Install project dependencies

Install Python

# Install Python
% pyenv install 3.13.5

Setup repository and activate virtual environment

# Clone lindera project repository
% git clone git@github.com:lindera/lindera.git
% cd lindera

# Create Python virtual environment and initialize
% make init

# Activate Python virtual environment
% source .venv/bin/activate

Install lindera-python in the virtual environment

This command builds the library with development settings (debug build).

(.venv) % make python-develop

Quick Start

Basic Tokenization

from lindera.dictionary import load_dictionary
from lindera.tokenizer import Tokenizer

# Load dictionary from a local path (download from GitHub Releases)
dictionary = load_dictionary("/path/to/ipadic")

# Create a tokenizer
tokenizer = Tokenizer(dictionary, mode="normal")

# Tokenize Japanese text
text = "すもももももももものうち"
tokens = tokenizer.tokenize(text)

for token in tokens:
    print(f"Text: {token.surface}, Position: {token.byte_start}-{token.byte_end}")

Using Character Filters

from lindera import TokenizerBuilder

# Create tokenizer builder
builder = TokenizerBuilder()
builder.set_mode("normal")
builder.set_dictionary("/path/to/ipadic")

# Add character filters
builder.append_character_filter("mapping", {"mapping": {"ー": "-"}})
builder.append_character_filter("unicode_normalize", {"kind": "nfkc"})
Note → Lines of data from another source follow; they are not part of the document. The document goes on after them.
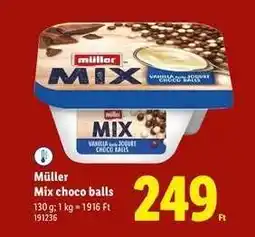 Lidl Müller Mix choco balls ajánlat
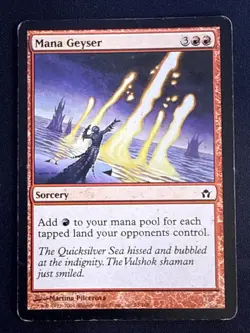 1x Mana Geyser (75) Fifth Dawn MP MTG Magic the Gatehring x1 MKE - Image 1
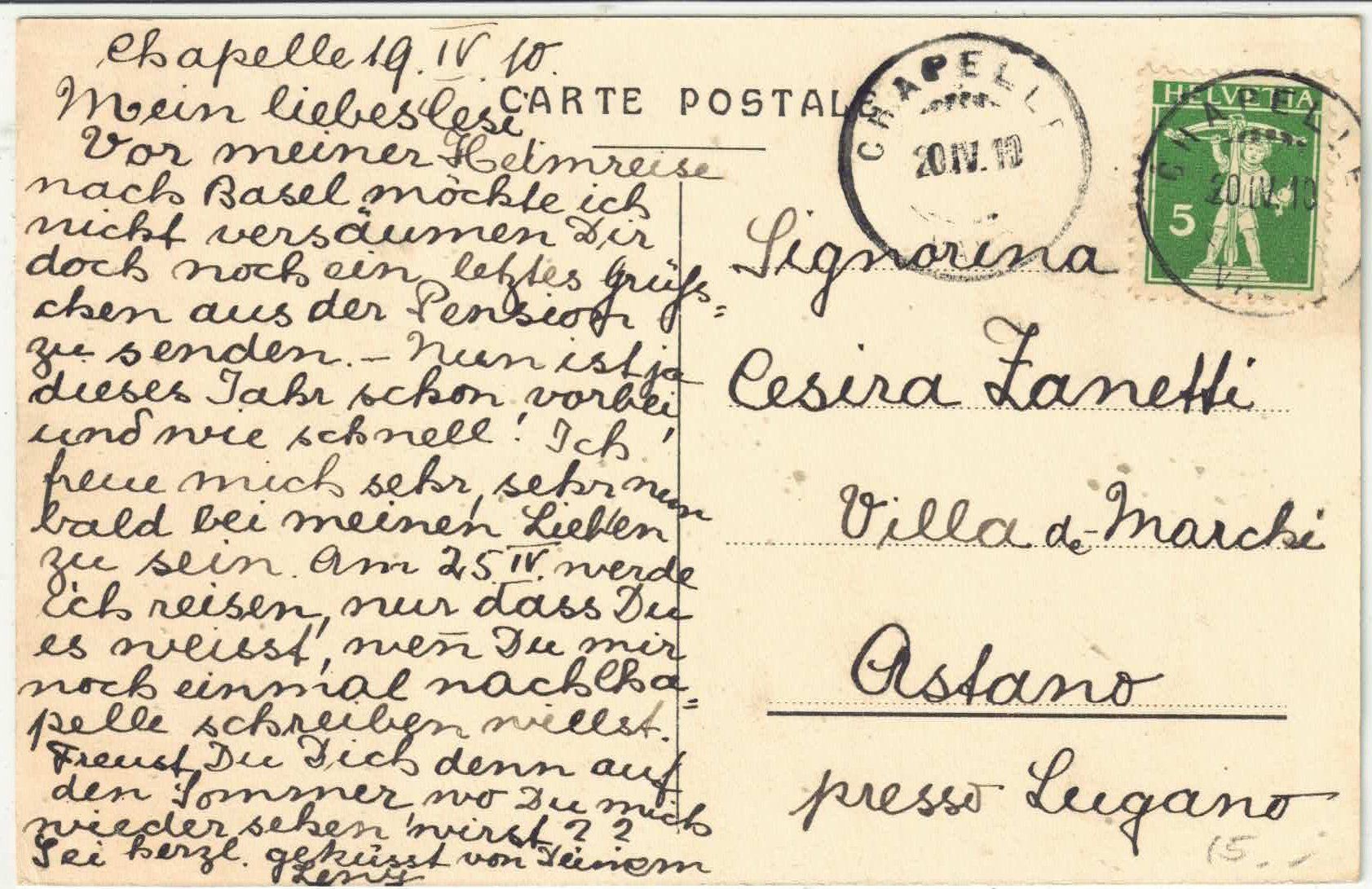 Cartoline postali: Chapelle s. Moudon – Usato da Ettingen venduto da Kartenplanet 1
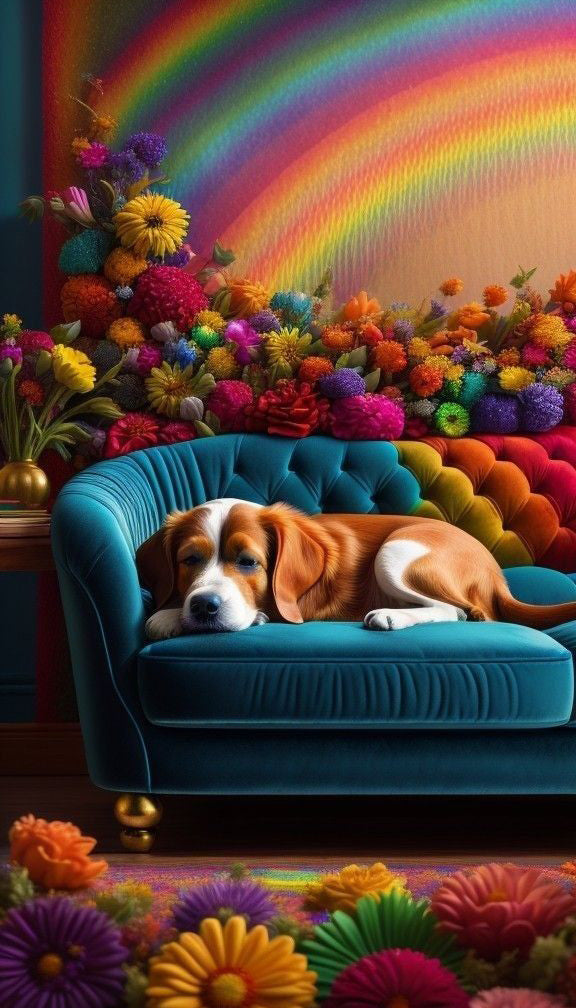 Beagle Dog's Comfort in Colors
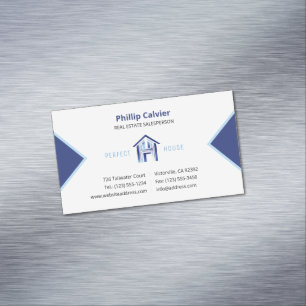 Perfektes Haus Premium Real Anwesen Properties Magnetische Visitenkarte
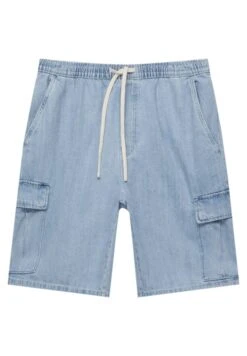 PULL & BEAR Waistband - Shorts Di Jeans - Stone Blue Denim -Pull & Bear 6b3406922dce4e16b299611bd9f6b745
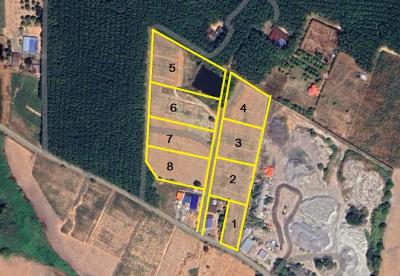 For SaleLandPattaya, Bangsaen, Chonburi : Land for sale, share for sale, size 17 rai, Nong Yai, Chonburi. (Broker attached to owner)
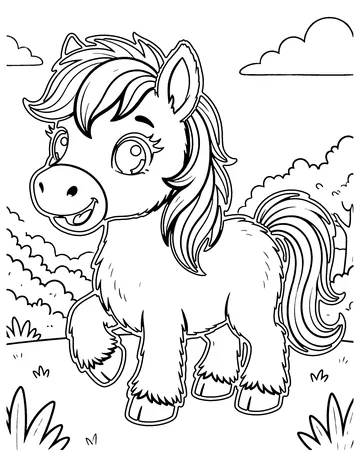 Shetland Pony coloring page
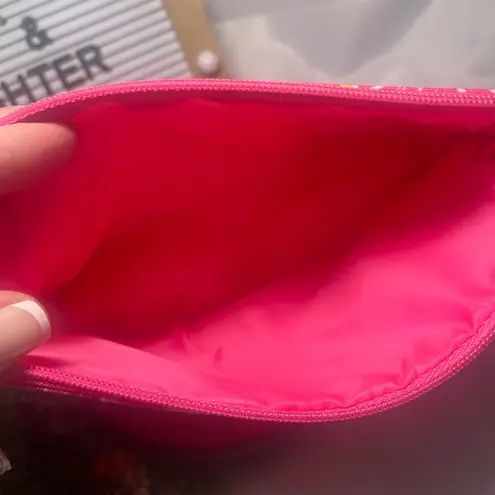 Clinique Cosmetic Bag Citrus Print Makeup Pouch Travel Zipper NWOT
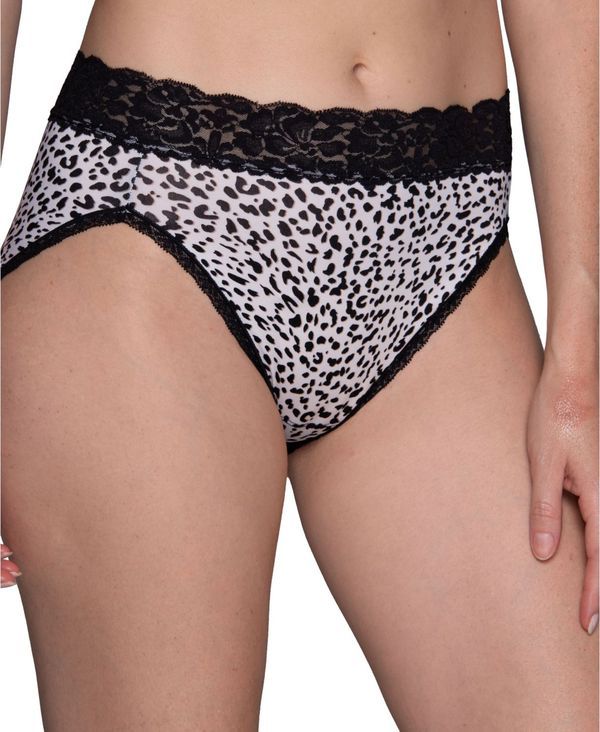 バニティフェア レディース アンダーウェア パンツ レース Vanity Fair Womens Flattering Lace HiCut Panty Underwear 13280 extended sizes available Centennial L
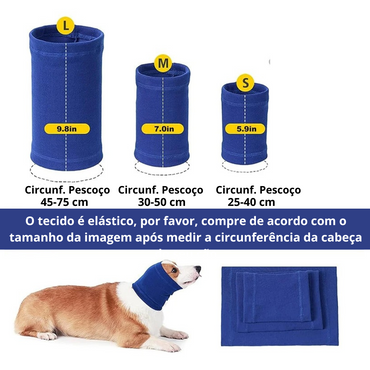 Protetor Ouvido Orelha Auricular Cachorro Pet Barulho Fogos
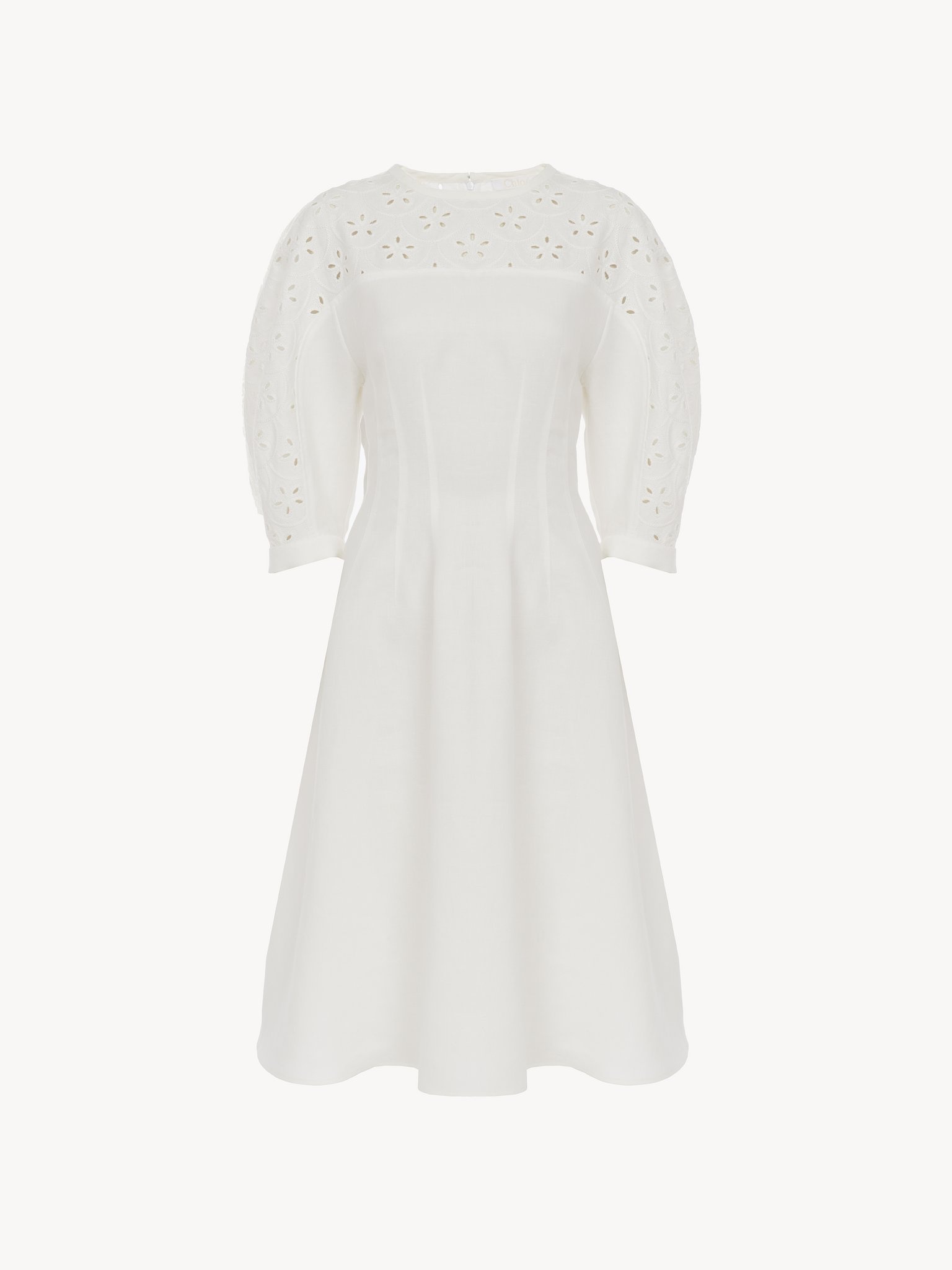 BALLOON-SLEEVE DRESS - 3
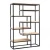 Import industrial and vintage modern iron and wood bookcase/bookshelf from India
# Build tokenizer with filters
tokenizer = builder.build()
text = "テストー123"
tokens = tokenizer.tokenize(text)  # Will apply filters automatically

Using Token Filters

from lindera import TokenizerBuilder

# Create tokenizer builder
builder = TokenizerBuilder()
builder.set_mode("normal")
builder.set_dictionary("/path/to/ipadic")

# Add token filters
builder.append_token_filter("lowercase")
builder.append_token_filter("length", {"min": 2, "max": 10})
builder.append_token_filter("japanese_stop_tags", {"tags": ["助詞", "助動詞"]})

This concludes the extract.